[TASK BRIEF]
Find the lines in the records below that contain "Nissan", and report each of them.
Top of DATA PROVIDED
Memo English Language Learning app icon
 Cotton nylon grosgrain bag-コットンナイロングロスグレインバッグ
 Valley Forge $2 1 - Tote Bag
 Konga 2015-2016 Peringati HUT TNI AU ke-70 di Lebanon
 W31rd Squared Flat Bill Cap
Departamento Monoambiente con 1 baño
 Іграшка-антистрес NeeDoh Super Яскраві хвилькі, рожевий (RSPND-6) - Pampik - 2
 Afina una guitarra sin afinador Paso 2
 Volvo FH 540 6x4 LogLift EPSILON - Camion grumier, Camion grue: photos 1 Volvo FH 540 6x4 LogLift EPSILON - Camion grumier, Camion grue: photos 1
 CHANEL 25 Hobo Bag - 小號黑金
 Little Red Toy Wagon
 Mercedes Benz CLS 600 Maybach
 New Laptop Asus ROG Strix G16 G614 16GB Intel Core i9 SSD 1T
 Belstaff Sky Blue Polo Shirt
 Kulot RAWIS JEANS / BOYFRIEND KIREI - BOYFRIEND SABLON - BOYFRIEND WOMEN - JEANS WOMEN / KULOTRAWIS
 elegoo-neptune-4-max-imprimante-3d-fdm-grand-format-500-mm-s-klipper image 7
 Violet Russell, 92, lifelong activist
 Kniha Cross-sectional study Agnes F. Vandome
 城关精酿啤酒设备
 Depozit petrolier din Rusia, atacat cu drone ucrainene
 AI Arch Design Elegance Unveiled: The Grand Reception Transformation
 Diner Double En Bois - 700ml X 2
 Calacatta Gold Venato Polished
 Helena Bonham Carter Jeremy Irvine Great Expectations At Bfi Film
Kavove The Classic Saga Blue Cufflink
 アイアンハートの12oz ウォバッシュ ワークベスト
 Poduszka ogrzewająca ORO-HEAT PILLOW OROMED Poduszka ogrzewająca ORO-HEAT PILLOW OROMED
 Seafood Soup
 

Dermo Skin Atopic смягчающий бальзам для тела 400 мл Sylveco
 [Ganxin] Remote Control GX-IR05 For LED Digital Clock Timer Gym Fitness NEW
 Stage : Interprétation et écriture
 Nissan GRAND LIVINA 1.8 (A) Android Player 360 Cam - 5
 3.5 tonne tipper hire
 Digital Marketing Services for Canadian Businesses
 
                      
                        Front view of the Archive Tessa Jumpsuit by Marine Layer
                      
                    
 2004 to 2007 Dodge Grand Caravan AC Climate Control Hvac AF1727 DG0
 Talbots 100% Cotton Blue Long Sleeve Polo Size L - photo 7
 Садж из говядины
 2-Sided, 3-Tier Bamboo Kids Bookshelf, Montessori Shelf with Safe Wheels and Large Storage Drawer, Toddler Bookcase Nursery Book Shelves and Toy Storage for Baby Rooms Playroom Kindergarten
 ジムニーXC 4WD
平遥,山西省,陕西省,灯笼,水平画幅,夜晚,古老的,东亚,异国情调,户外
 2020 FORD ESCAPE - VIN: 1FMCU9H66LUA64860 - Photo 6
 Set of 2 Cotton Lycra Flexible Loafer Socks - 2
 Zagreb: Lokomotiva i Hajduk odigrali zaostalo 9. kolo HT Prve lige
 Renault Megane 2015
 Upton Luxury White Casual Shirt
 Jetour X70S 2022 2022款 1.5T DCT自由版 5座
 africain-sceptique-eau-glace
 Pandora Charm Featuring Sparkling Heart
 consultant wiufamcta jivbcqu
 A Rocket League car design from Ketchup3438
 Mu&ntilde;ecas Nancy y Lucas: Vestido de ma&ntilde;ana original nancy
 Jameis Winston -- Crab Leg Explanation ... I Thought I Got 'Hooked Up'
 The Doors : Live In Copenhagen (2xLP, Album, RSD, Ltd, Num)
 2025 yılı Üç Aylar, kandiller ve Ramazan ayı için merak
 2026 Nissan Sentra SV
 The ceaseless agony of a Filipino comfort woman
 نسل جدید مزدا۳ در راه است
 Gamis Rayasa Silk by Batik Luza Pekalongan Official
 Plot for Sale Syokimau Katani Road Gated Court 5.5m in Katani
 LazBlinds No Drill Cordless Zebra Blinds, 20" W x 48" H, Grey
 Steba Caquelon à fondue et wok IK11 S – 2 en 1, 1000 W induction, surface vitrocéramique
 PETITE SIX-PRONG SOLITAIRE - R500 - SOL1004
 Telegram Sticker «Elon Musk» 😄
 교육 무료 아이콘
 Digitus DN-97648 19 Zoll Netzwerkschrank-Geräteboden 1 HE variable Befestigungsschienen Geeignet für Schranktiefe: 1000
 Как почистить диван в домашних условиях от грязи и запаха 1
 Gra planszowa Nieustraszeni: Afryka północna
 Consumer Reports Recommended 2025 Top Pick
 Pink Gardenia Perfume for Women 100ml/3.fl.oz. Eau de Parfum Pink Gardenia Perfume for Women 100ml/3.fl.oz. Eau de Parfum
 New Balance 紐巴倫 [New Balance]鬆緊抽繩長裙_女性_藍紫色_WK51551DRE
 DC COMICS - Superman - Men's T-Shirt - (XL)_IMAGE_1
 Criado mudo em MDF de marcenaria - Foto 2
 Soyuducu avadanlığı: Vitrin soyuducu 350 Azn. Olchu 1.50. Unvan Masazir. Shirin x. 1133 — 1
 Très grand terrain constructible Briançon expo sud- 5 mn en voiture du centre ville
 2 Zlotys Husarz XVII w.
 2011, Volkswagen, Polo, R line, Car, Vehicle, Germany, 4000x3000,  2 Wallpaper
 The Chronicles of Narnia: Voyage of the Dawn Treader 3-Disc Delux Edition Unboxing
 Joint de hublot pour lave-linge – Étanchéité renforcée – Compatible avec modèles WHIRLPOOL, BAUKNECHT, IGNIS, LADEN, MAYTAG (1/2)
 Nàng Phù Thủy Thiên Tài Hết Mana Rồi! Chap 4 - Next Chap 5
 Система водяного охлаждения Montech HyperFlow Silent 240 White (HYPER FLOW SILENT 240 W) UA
Bottom of DATA PROVIDED
[COMPLETED EXERCISE]
 Nissan GRAND LIVINA 1.8 (A) Android Player 360 Cam - 5
 2026 Nissan Sentra SV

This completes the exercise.